No se trata del monto en sí, aunque es escandaloso. Se trata del gesto. De la señal que envía una mandataria que debería estar recogiendo escombros, pidiendo perdón cada día por la forma en que llegó al poder y por los errores —por no decir horrores— de su gestión. En lugar de ello, se rodea de adulones, se ausenta del debate público, y ahora, cual reina de opereta, decide subirse el sueldo mientras millones de peruanos no tienen qué comer.
El Perú no solo padece una crisis política. Vive una tragedia de representación. Nunca en nuestra historia reciente se había sentido tan hondo el divorcio entre el gobierno y el pueblo. El Ejecutivo es una corte de fantasmas: ministros sin rostro, tecnócratas sin legitimidad, una presidenta que cree que gobernar es maquillar su imagen con bisturí, joyas y ahora, más dinero.
Y lo peor es que nadie parece capaz de frenarla. El Congreso, igual de desprestigiado, mira a otro lado. La clase política, fragmentada y ruinosa, piensa en las elecciones del 2026 como si fueran un trámite más, sin entender que lo que se gesta hoy es una ola de hartazgo que puede arrasarlo todo.

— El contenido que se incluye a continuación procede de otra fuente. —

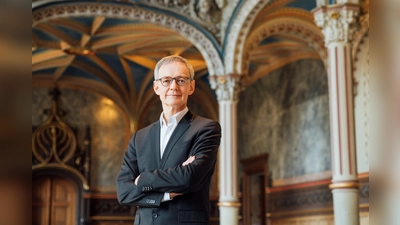 Kay Johannsen, Kantor und Organist der Stiftskirche Stuttgart, lädt zum Konzert ein. (Foto: Martina Wörz)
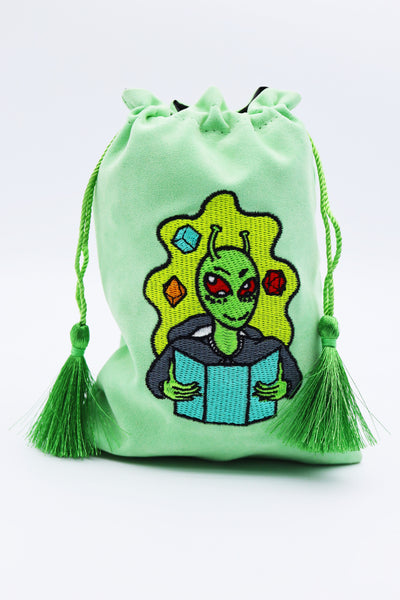 Dice Bag - Dice Alien Dice Box Foam Brain Games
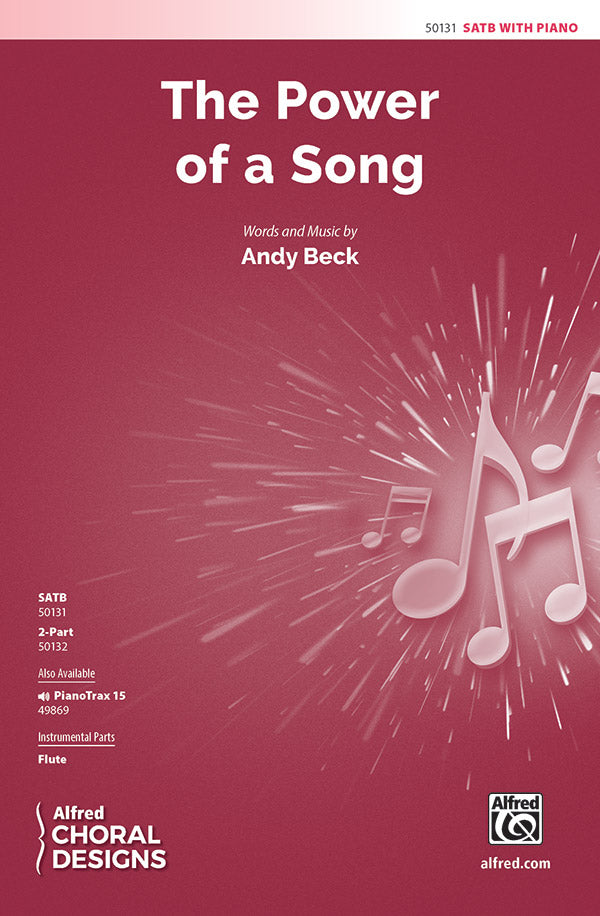 The Power of a Song Sheet Music Preview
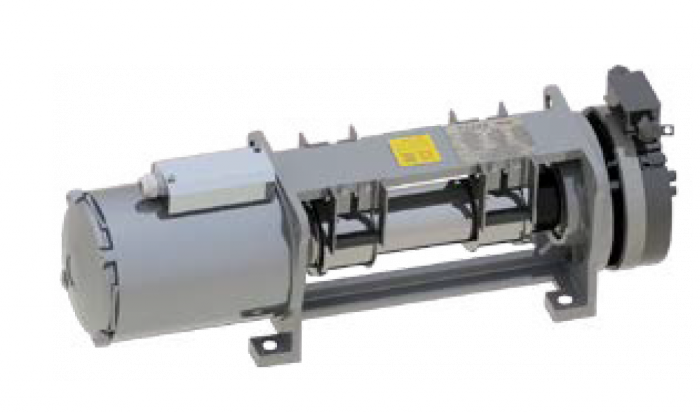 Лифтовая лебедка BPM450 (2 тип)
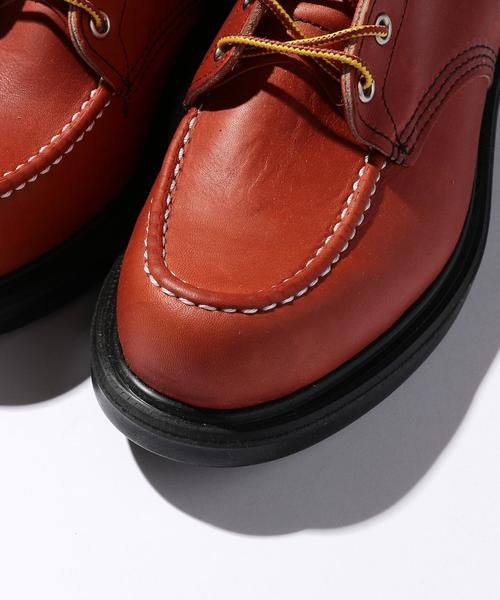 RED WING（レッドウィング）の「＜RED WING（レッドウィング）＞ MocTOE SUPERSOLE/ブーツ（ブーツ・メンズ・ブラック/ベージュ/ブラウン・9/7h/9h/8h/8）」の8枚目の写真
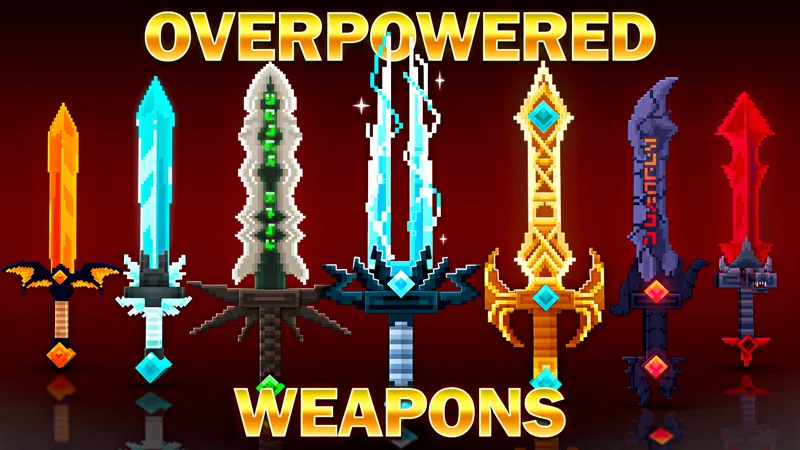 Overpowered Weapons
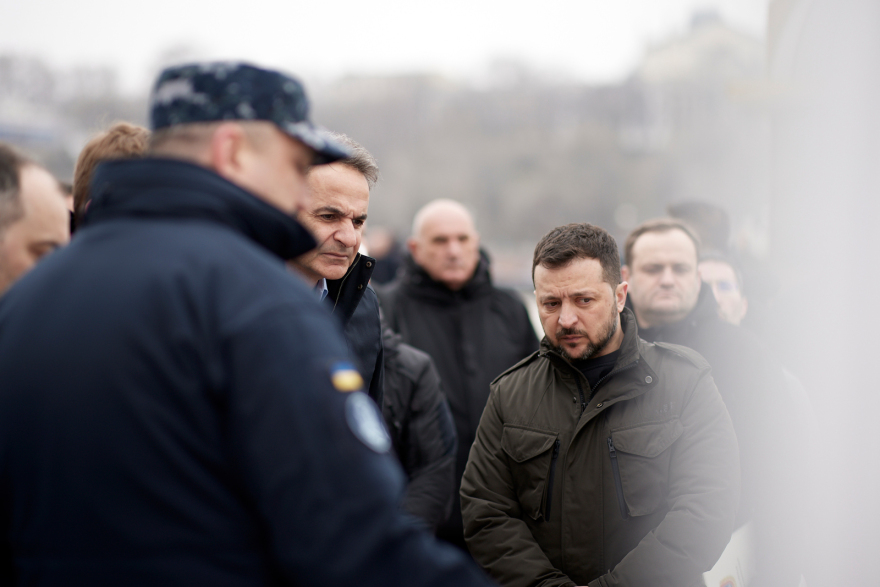 Οι 7 ώρες του Μητσοτάκη στην Οδησσό σε 62 φωτογραφίες - Συνάντηση με Ζελένσκι, επίσκεψη στο μουσείο Φιλικής Εταιρείας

Aumentarse el sueldo en estas circunstancias no es solo torpeza: es una provocación. Una muestra de que este gobierno, más que autoritario, es simplemente indiferente. Y esa indiferencia, tarde o temprano, será castigada. No en los pasillos del poder, sino en las urnas, cuando los peruanos decidan que ya no quieren más reinas ni virreyes, sino un país que los respete.